■ **Aim of the task**: Strip the pictures, then copy the remaining data exactly as it stands.

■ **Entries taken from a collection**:
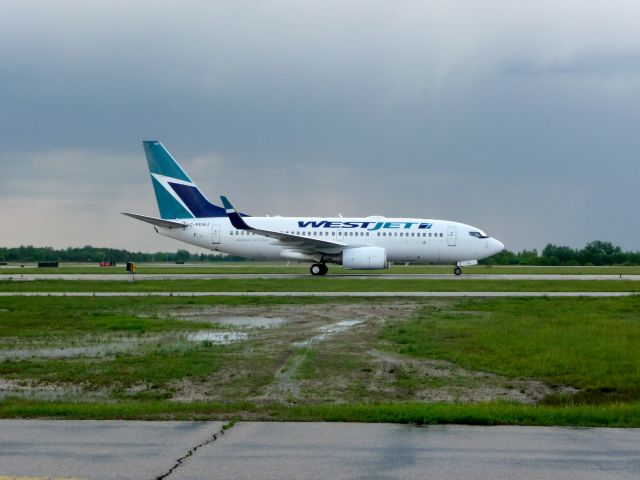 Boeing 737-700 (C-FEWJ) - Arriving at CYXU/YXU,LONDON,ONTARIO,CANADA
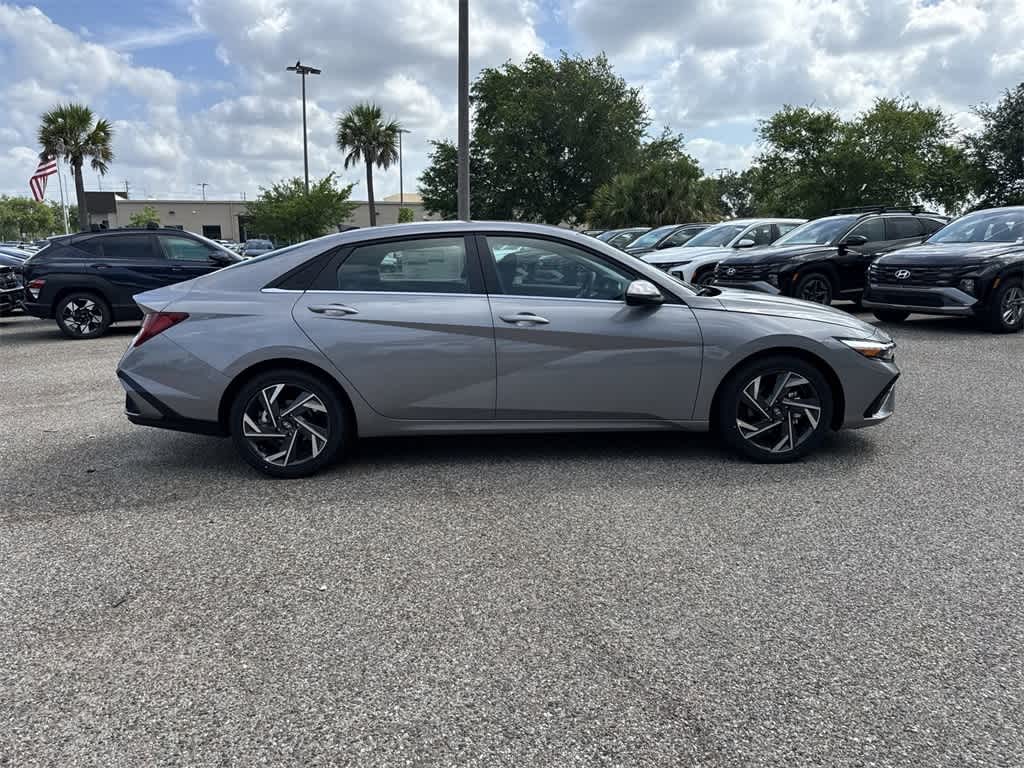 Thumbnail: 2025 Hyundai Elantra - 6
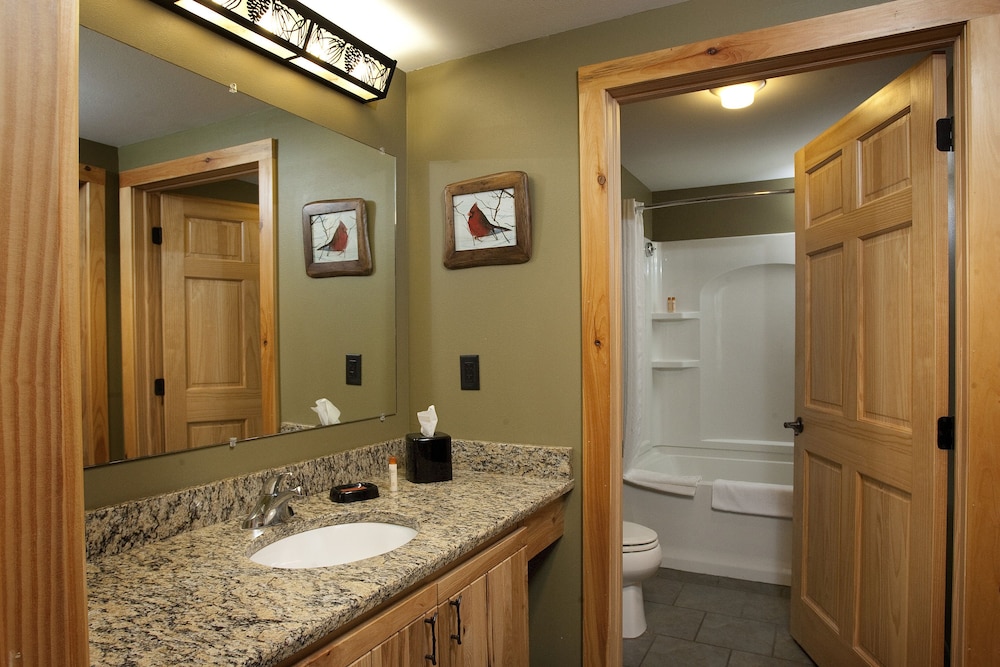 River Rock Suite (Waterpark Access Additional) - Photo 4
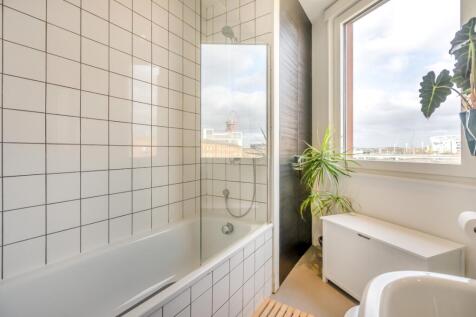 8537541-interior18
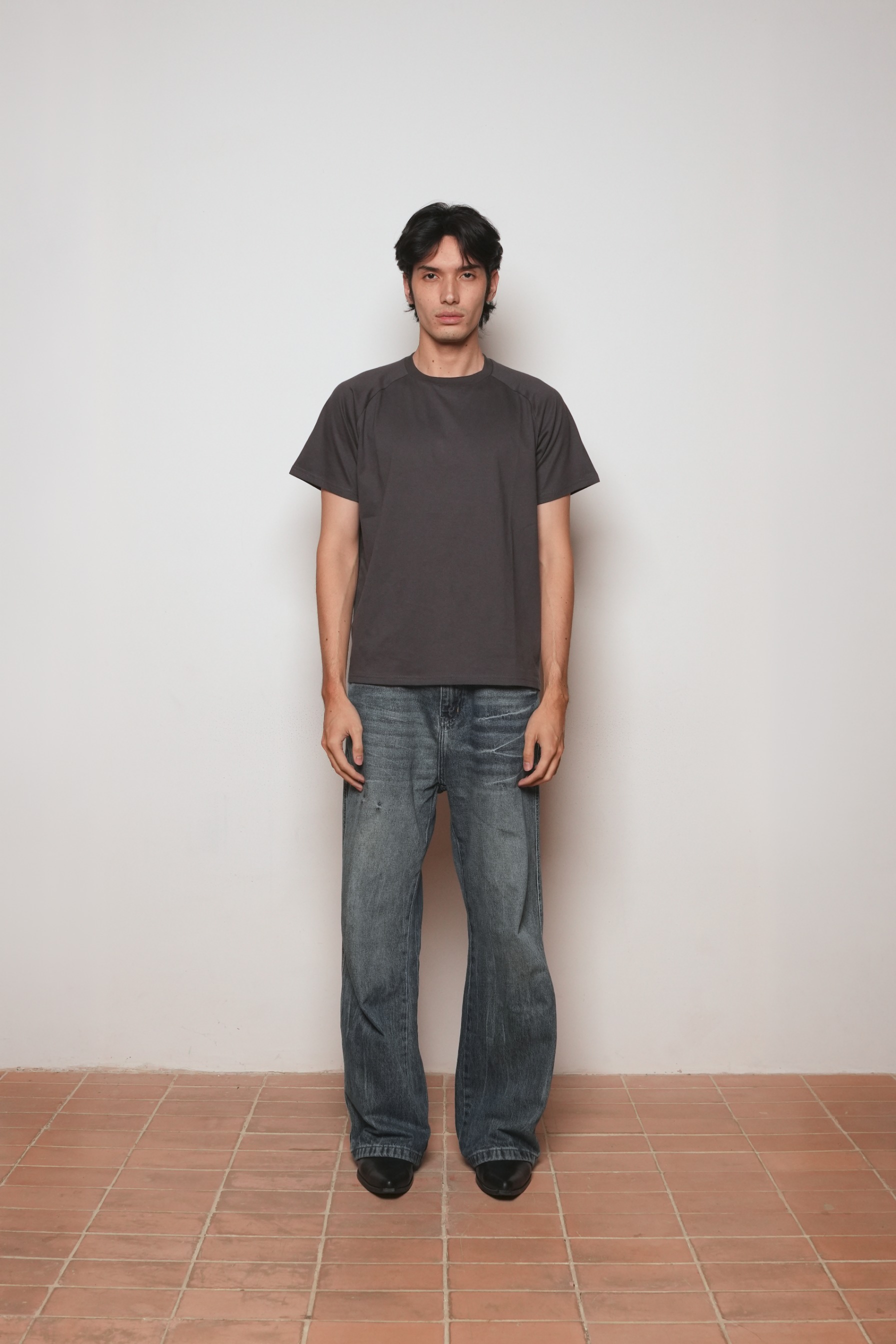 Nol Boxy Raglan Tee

■ **Written answer**:
 Boeing 737-700 (C-FEWJ) - Arriving at CYXU/YXU,LONDON,ONTARIO,CANADA
 Thumbnail: 2025 Hyundai Elantra - 6
 River Rock Suite (Waterpark Access Additional) - Photo 4
 8537541-interior18
 Nol Boxy Raglan Tee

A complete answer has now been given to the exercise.